The research asks why and how fathers have been excluded from children and family social work. The research goes on to asks what strategies, methods, conditions and techniques promote inclusive practice for fathers whilst examining the role of ‘the self’ as a researcher, practitioner and participant. The research strategy was based on the participation of practitioners in a co-operative inquiry supported by ‘a before and after’ case file audit designed to test whether the co-operative inquiry, which operated within a ‘front-line’ child protection service, brought about practice change.
The aims of the research were; to design and implement a co-operative inquiry, instigate a range of inclusive targets to support the implementation of a father inclusive strategy across the whole system.

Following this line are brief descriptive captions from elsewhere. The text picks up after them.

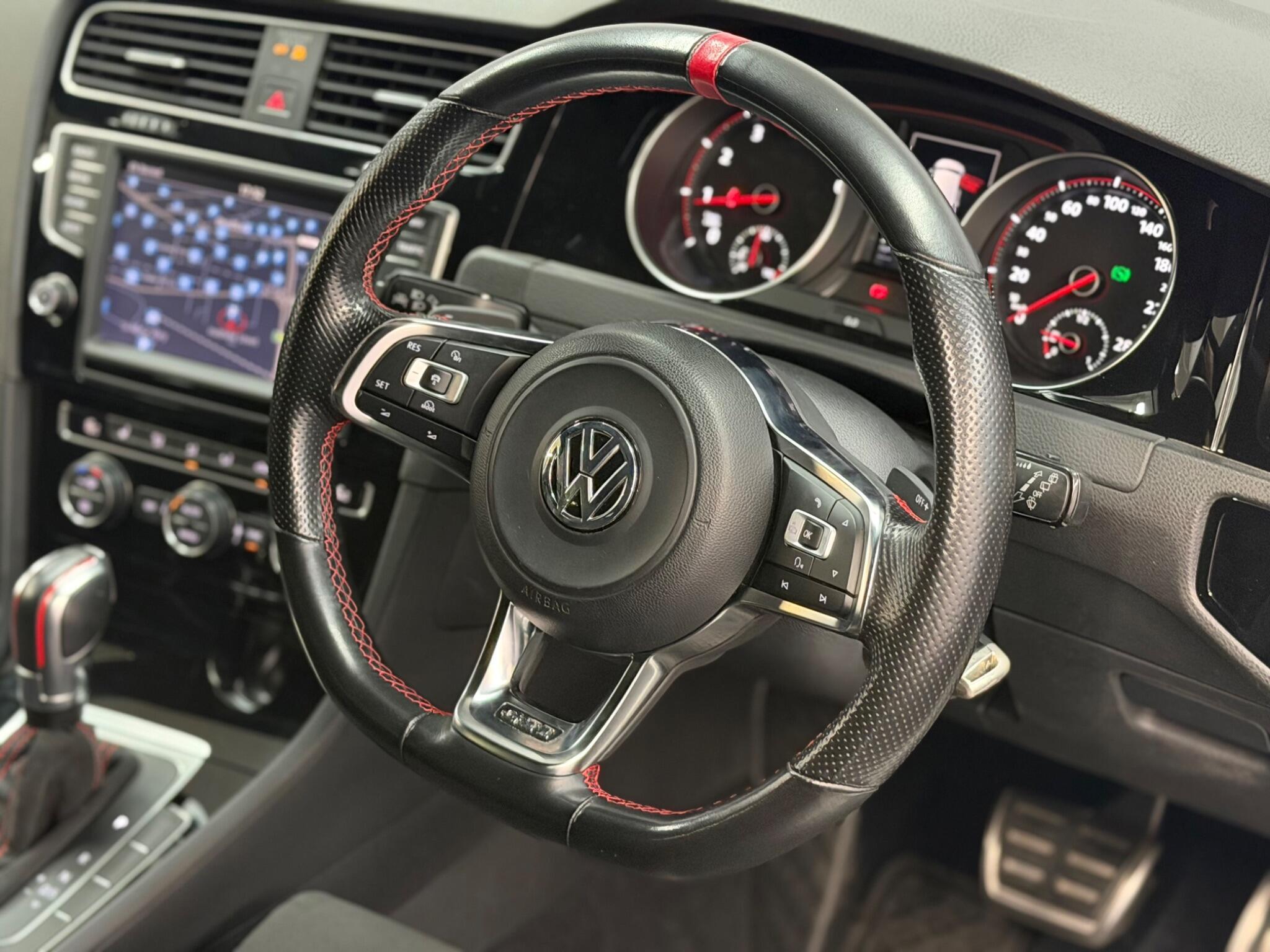Volkswagen Golf — image 25 of 37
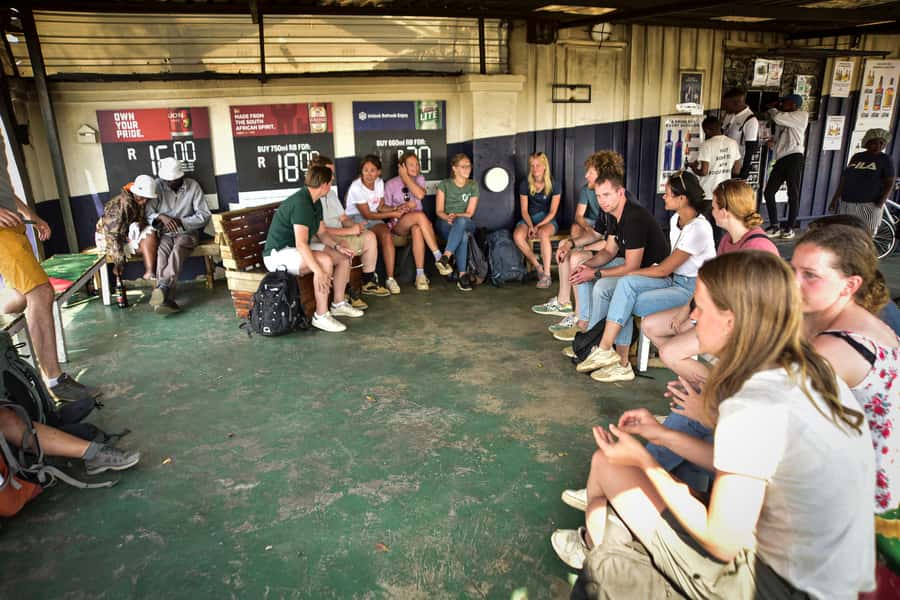 Soweto Food & Beer Bike Tour - A final loop back to Vilakazi Street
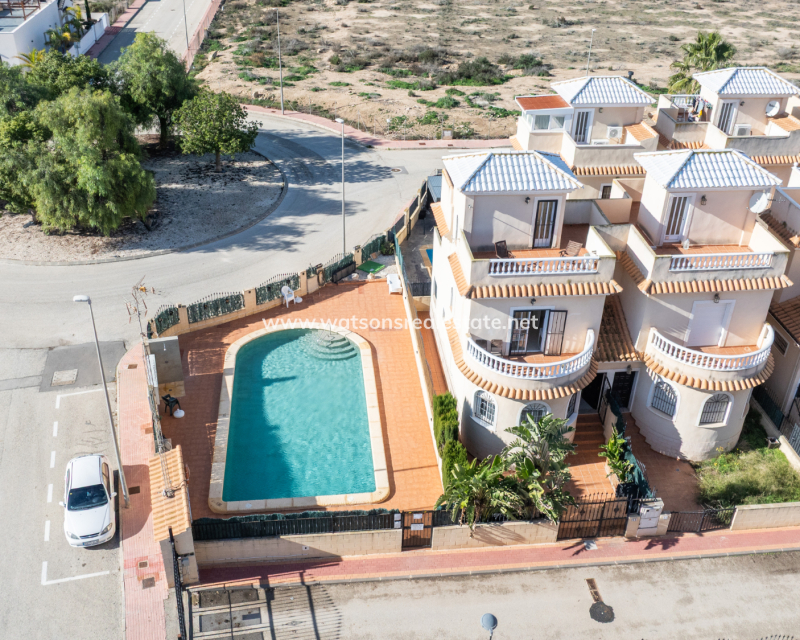 Resale - Detached - Urb. La Marina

The research concluded that children and family social work is one of the few institutions to confront the perversities and abuses of traditional gender and power relations and this confrontation has led to ‘paternal alienation’.
The work of the co-operative inquiry led to an increase in fathers identified and assessed. An increase in fathers attending meetings and reviews and an increase in fathers recorded as having parental responsibility and an increase in contact arrangements for fathers. There was also a sizeable increase in social workers’ considering the father’s situation in ongoing planning for the child.
We learnt that we can include fathers if there is ‘a whole system and a participative approach’ which identifies how covert power and gender relations influence behaviour in practice. To achieve greater father inclusion social workers’ anxieties need to be contained through safety planning systems and quality reflective supervision. For fathers to be included senior managers must support the activity in the long term, (ten to fifteen years), collect data and set targets whilst strategically committing and realigning resources to meaningfully address domestic abuse.
The research identified that organisational change is possible if the conditions to foster emergence are in place, if the culture that operates in the organisation
supports emergent creativity whilst espousing staff cohesion simultaneously championing social worker empowerment.
This research adds to knowledge in the areas of; father inclusion, risk assessment in child protection, domestic abuse, management, gender and power relations, leadership, group work, participation and collaboration in achieving organisational change.